Jana Heinisch erlebt als Model immer wieder, wie noch am Ende kurz etwas von Hand genäht wird. Sie weiß um die Qualität der Stoffe, weil sie sie auf dem Laufsteg trägt. Erst durch die Arbeit als Model hat sie das auch schätzen gelernt: "Oft, wenn ich mir nach einer Show Sachen ausleihen darf für irgendwelche Veranstaltungen, wird mir bewusst, was ich da eigentlich gerade in meinem Koffer dabeihabe. Das wurde nicht irgendwo in irgendeiner riesigen Fabrik in Bangladesch gefertigt, sondern richtig von Hand geschneidert.

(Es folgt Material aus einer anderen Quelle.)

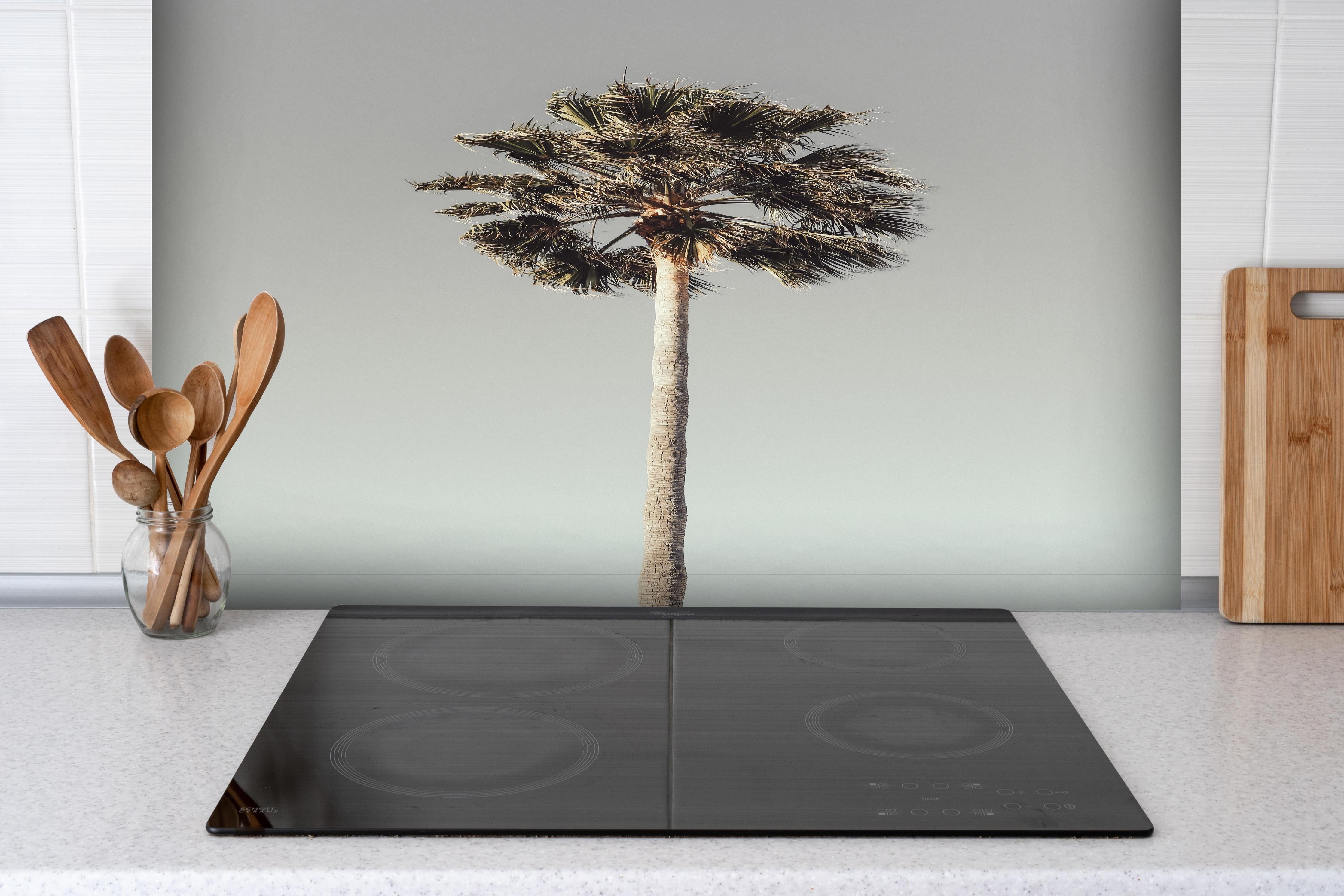 Spritzschutz - Einfache Palme hinter einem Cerankochfeld zwischen Holz-Kochutensilien
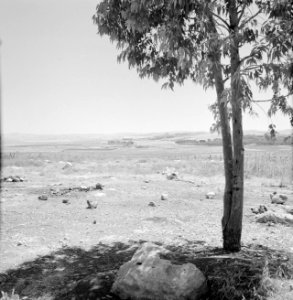 Landschap in de omgeving van Latrun, op de voorgrond een jonge boom en rotsblokk, Bestanddeelnr 255-3209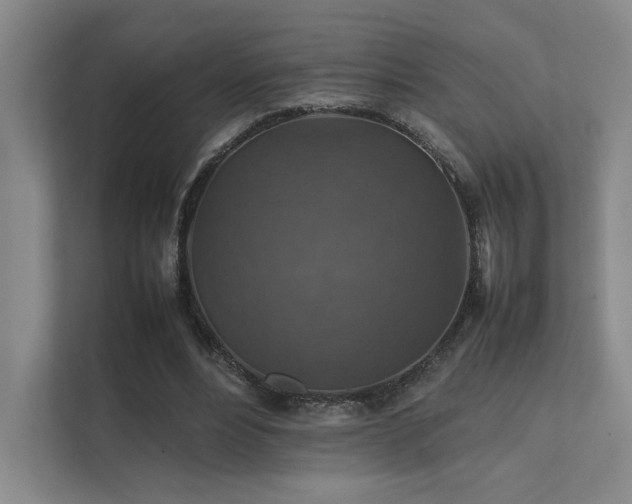 X0000112010488200908101345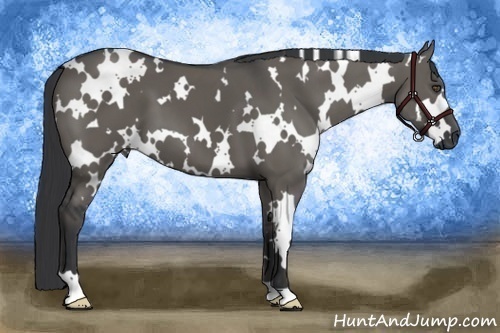 Horse Color:White Spotted Grullo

Ich fände es schön, wenn das Handwerk mehr in den Vordergrund gerückt werden würde."

Die Expertin für Influencer-Ökonomie Barbara Engels plädiert dafür, einen Ehrenkodex oder eine Zertifizierung für Influencer:innen und Unternehmen einzuführen. Offenzulegen, wann unter welchen Voraussetzungen mit Influencer:innen zusammengearbeitet wird. Mehr Transparenz, wenn es darum geht, wer mit welcher Ausbildung oder welchem Vorwissen nach welchen Kriterien als Influencer:in unterwegs ist. Immerhin haben sie doch einige Macht über die Modewelt. Bisher ist diese aber vor allem auf die Zahl ihrer Follower begründet.  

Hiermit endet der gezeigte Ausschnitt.